Consider a spherical planet of radius R, and let the radial coordinate r originate from the plant's center. If the density of the planet is ρ from 0 ≤ r < R/2 and ρ/3 from R/2 < r < R, then my work tells me that the maximum force due to gravity inside the planet is at r = R/2, not at r = R as one might expect.

$$0\leq r\leq R/2,\qquad F_G = \frac{Gm\left(\rho \frac{4}{3}\pi r^3\right)}{r^2} = \frac{4\pi}{3}Gm\rho r \\ R/2 \leq r \leq R,\qquad F_G = \frac{Gm\left[ \rho\frac{4\pi}{3}\left(\frac{R}{2} \right)^3 + \frac{\rho}{3}\frac{4\pi}{3} \left( r^3 - \left(\frac{R}{2} \right)^3 \right) \right]}{r^2} = \frac{4\pi}{3}\frac{Gm\rho}{r^2}\left[ \left(\frac{R}{2} \right)^3 + \frac{1}{3}r^3 - \frac{1}{3}\left(\frac{R}{2} \right)^3 \right]$$

My work is above.

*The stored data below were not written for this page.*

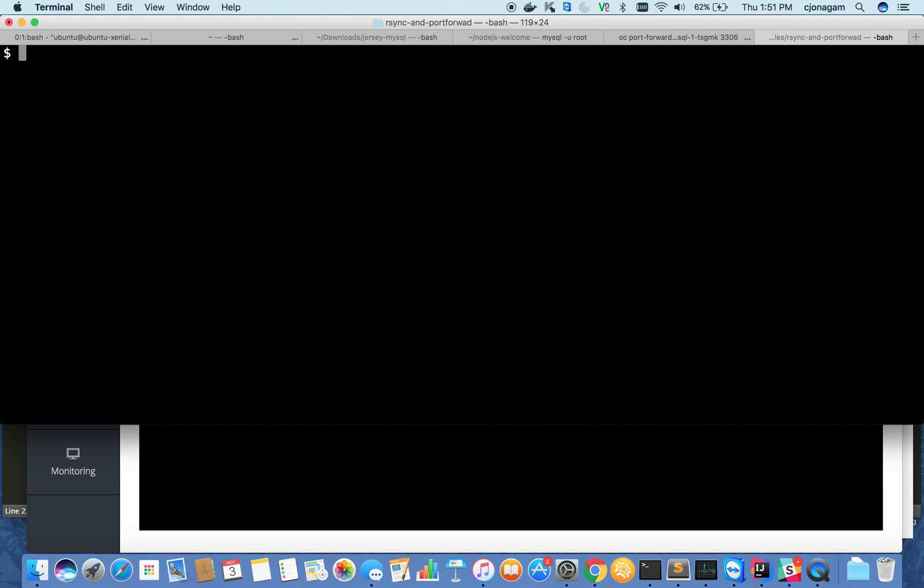The second thing is, how do you sync your local files into a remote running container? This is useful for development purposes. Let's look at how we do that. I'm on the container. Let's make a simple directory folder for this experiment. I'm going to switch to temp and make a folder called SQL.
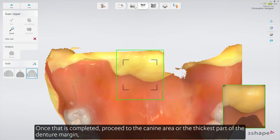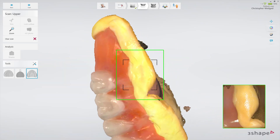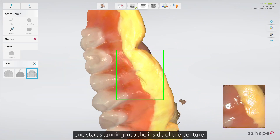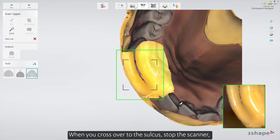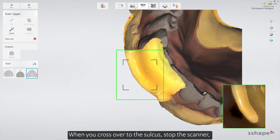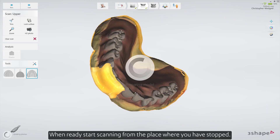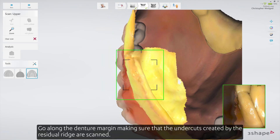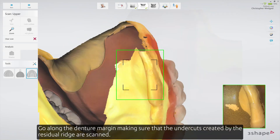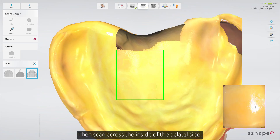Once that is completed, proceed to the canine area or the thickest part of the denture margin and start scanning into the inside of the denture. When you cross over to the sulcus, stop the scanner and allow the software to optimize the scan. When ready, start scanning from the place where you stopped. Go along the denture margin, making sure that the undercuts created by the residual ridge are scanned. Then scan across the inside of the palatal side.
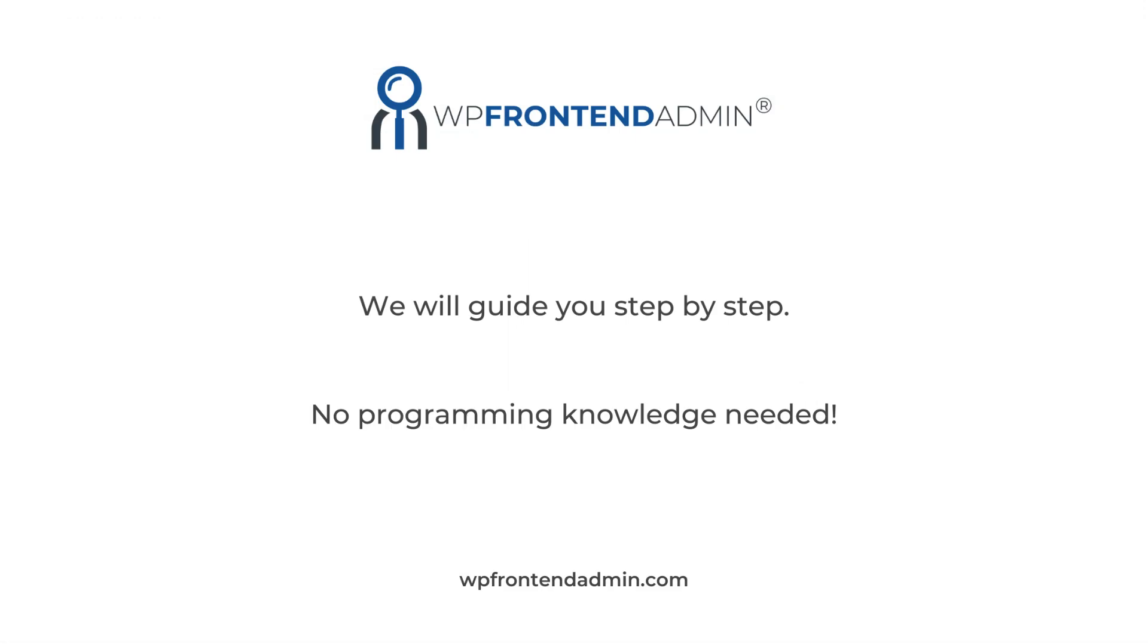We will guide you step-by-step to create all the components of your online store platform, with no programming knowledge needed.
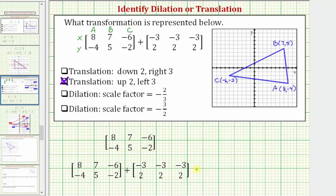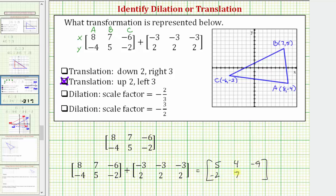So let's go ahead and find the sum of these two matrices. We'll add the corresponding elements: eight plus negative three is five, seven plus negative three is four, negative six plus negative three is negative nine, negative four plus two is negative two, five plus two is seven, negative two plus two is zero. Each of these columns represents one of the vertices of the triangle after the translation.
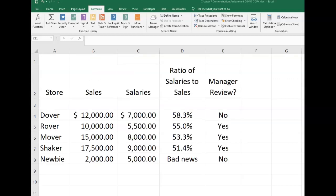Let's go to our formula auditing worksheet in the workbook and take a look at what we have, and also combine this with the instructions for this problem. It says the manager needs to review any store where the ratio of salaries to sales is greater than 55%.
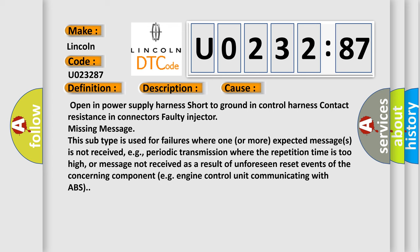Open in power supply harness, short to ground in control harness, contact resistance in connectors, faulty injector, missing message. This subtype is used for failures where one or more expected messages is not received, e.g., periodic transmission where the repetition time is too high, or message not received as a result of unforeseen reset events of the concerning component, e.g., engine control unit communicating with ABS.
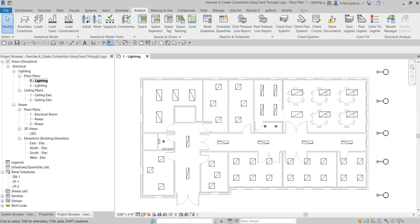What's up guys, Learning with Rich here. In this video we are going to create connections using feed through lugs. Feed through lugs is an option first released in Revit 2020, so if you are using Revit 2019 or below, you will not be able to see this option. In this exercise we are going to create circuits, review the feed through lugs as a connection type, and then panel schedules will be used to display the difference between the connection types.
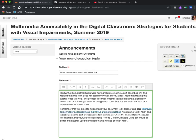Let me do that one more time so we can go through the process together. Continuing reading my blog post: it says avoid using 'click here' and instead use some sort of descriptive text to indicate where the link will take the reader. For example, this YouTube tutorial shows how to create clickable links, but it would actually be better if the author used the website name instead of 'click here' when he makes those clickable links. It is a very good YouTube tutorial, so I do want to share it in case somebody wanted a different version of this kind of tutorial.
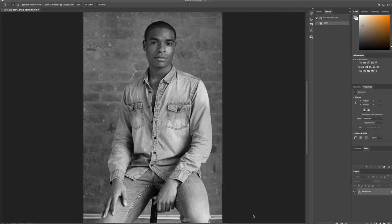Yo, what's going on everybody? Welcome back to another Photoshop retouching tutorial. I'm celebrity and fashion photographer Chris Cavanaugh, and in today's video we're going to be getting into a male actor's headshot session retouch. I'm going to show you the fundamentals on how I achieve a very clean and natural result while retouching male skin. So let's get into it.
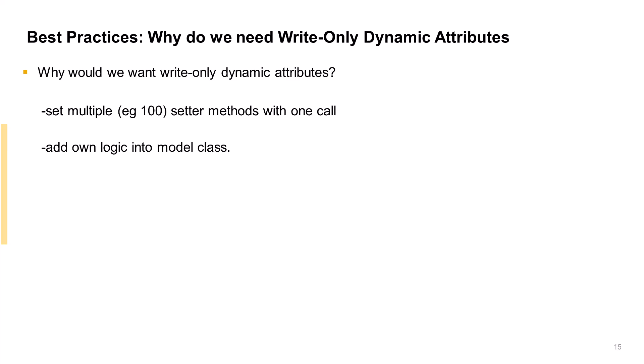Those are some essentials about how to define and implement dynamic attributes. Thanks for watching.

Is this be correct, that the maximum force due to gravity would be at r = R/2? Thanks for your time!

2. Nov 27, 2012

Staff: Mentor

Neglecting 4pi/3 Gmρ as prefactor:

In the inner part: $F \propto r$
In the outer part: $F \propto (\frac{R}{2})^3/r^2 + 1/3 (r-\frac{R}{2}) = \frac{1}{r^2} ((\frac{R}{2})^3+\frac{1}{3}r^3-\frac{1}{3}(\frac{R}{2})r^2)$

I get a different third term for the force.

$\frac{dF}{dr}=-\frac{R^3}{4r^3} + \frac{1}{3}$ which is 0 at $4r^3=3R^3$, it has a minimum in the less dense region.

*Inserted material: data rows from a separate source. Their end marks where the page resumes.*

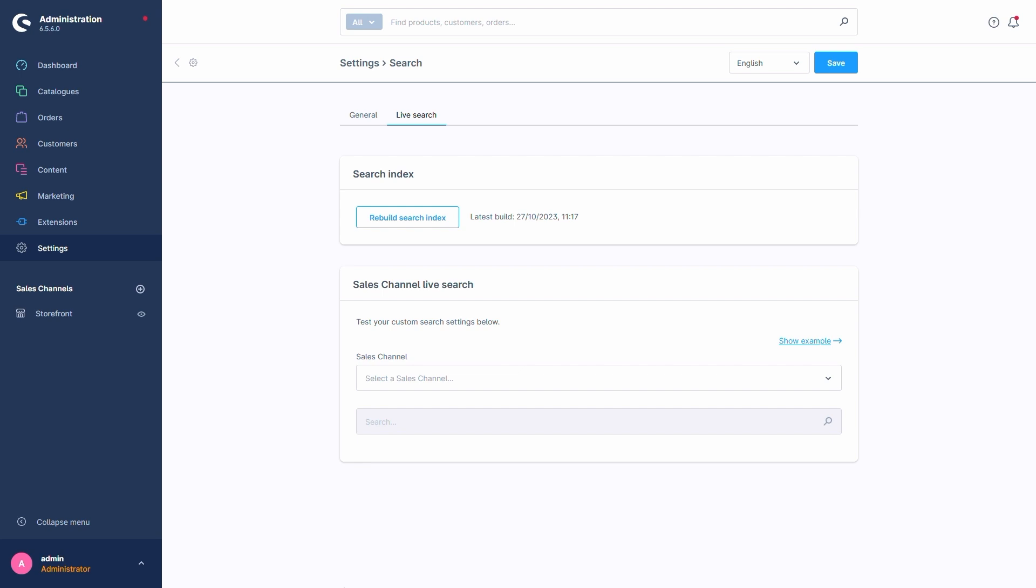For the last part of this video, we'll cover this, the Live Search tab. This is where we can preview how our search behaves with the settings we made. It also tells us when we last rebuilt the search index.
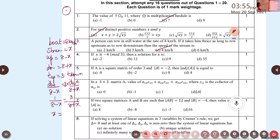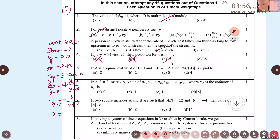If X is minus 2: minus 2 plus 4 equals 2, not a multiple of 3. If X is 12: 12 plus 4 equals 16, not a multiple of 3. If X is 19: 19 plus 4 equals 23, not a multiple of 3. If X is 35: 35 plus 4 equals 39, which is a multiple of 3. Therefore, the answer is 35.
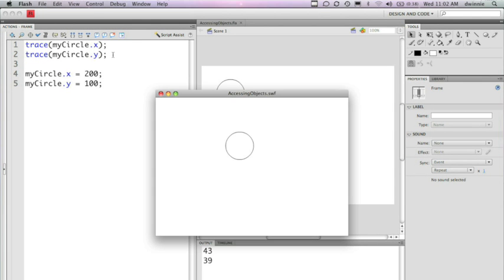If you notice, the output panel is still showing the original location. That's because in Flash, I've defined the original location as 43 by 39. In ActionScript, I'm actually overwriting that and saying that the new position is 200 and 100.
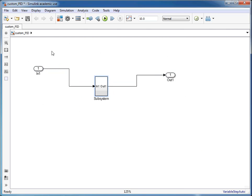And there we have our subsystem created and then we can go on to use that for other things. We can build that into a bigger simulation like a PID control loop for example.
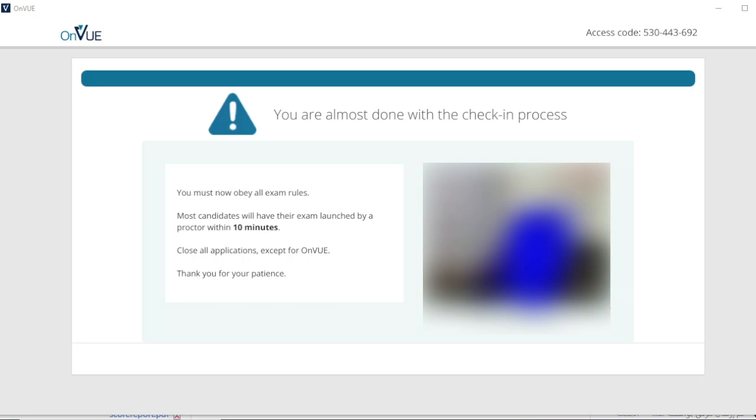After the terms of service agreement and identity check, my proctor started the exam. I was given two and a half hours to complete 70 questions. Two and a half hours is a generous amount of time as I finished the test with 45 minutes remaining. After checking my work, I finally submitted my test.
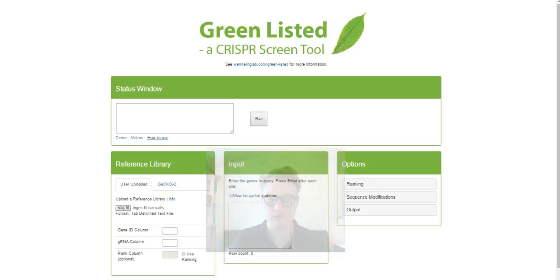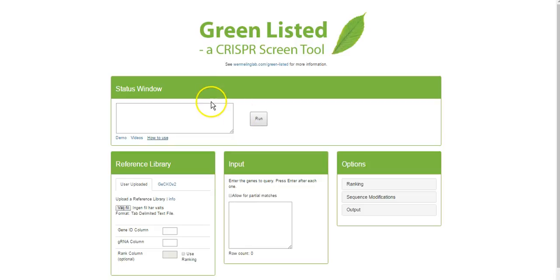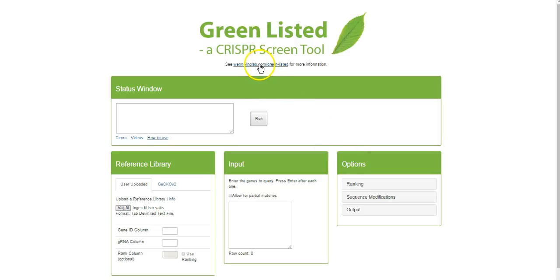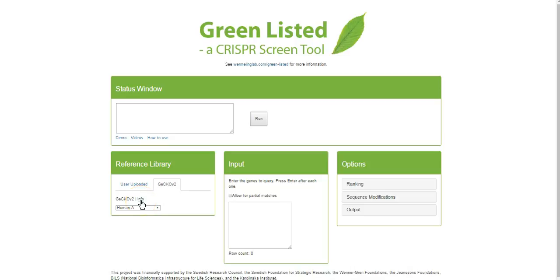Let's get started. This is how the web interface of GreenList looks. You'll see that there are four boxes here which we'll go into in detail. There are two boxes down here that really need your attention when you're designing the library. You can also see that there are links for more information throughout the interface.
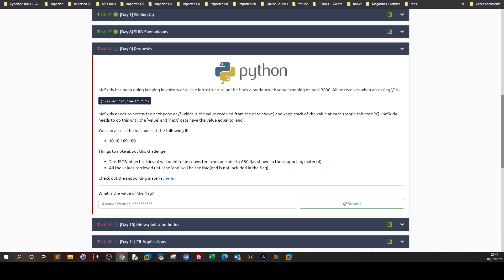Welcome back to a new video. In today's video we're going to be going through another task from Advent of Cyber One, Task 14, Day 9: Requests. In this task we will be using the Python programming language to parse and retrieve web requests. You can take out of this task using Python with your day-to-day web browsing, and it might contain value that you can build on while using Python for browsing the web or iterating through web requests.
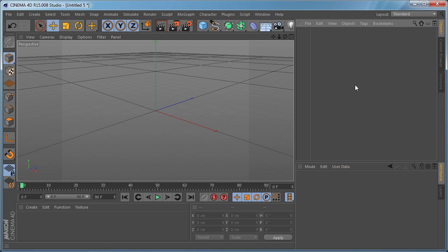Hi everybody, I'm Stefan for Tutsplus and today I'm going to show you one of my favorite new features in Cinema 4D version 15 which is related to text editing.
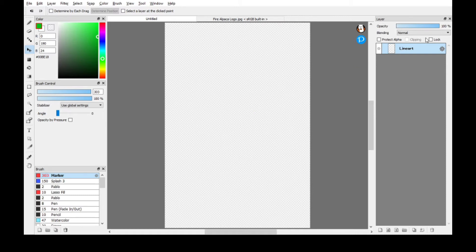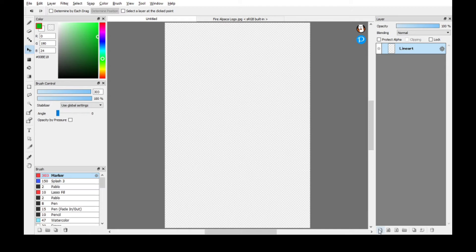So you start with your first layer, make sure it's transparent, okay, and then let's call it line art like that. And then get a second layer and let's color it color.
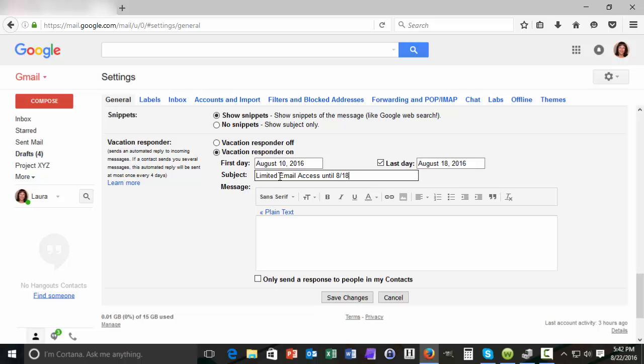Okay there it is, short and sweet. So anyone scanning through the subject line in their inbox would probably realize that I'm not available to answer email until 818.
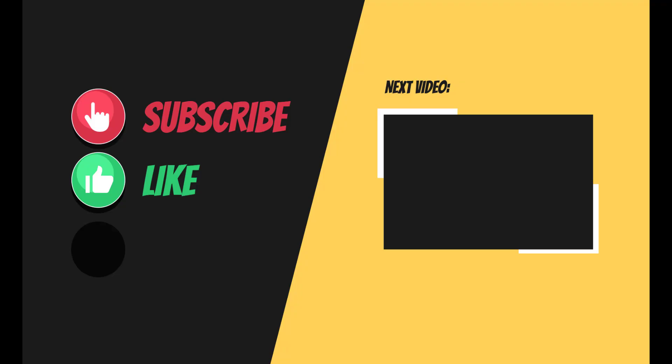If you enjoyed this video then please click on the like button and if you'd like to see more of my videos then click on the subscribe button and the bell icon beside it. Hope to see you on the next video.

F(R/2) > F(R), so I can confirm your result.

3. Nov 27, 2012

Undoubtedly0

Thanks mfb. Regarding our difference, I think your third term might be mistaken. If we hollow out the planet from 0 ≤ r < R/2, then the force due to gravity in the domain R/2 ≤ r ≤ R is

$$F_G = \frac{Gm\frac{\rho}{3}}{r^2}\left[ \frac{4\pi}{3}r^3 - \frac{4\pi}{3}\left(\frac{R}{2}\right)^3\right]$$

By the shell theorem, it as if all the volume enclosed is contained in a point at the center. Do you agree?

4. Nov 27, 2012

Staff: Mentor

Oh, you are right.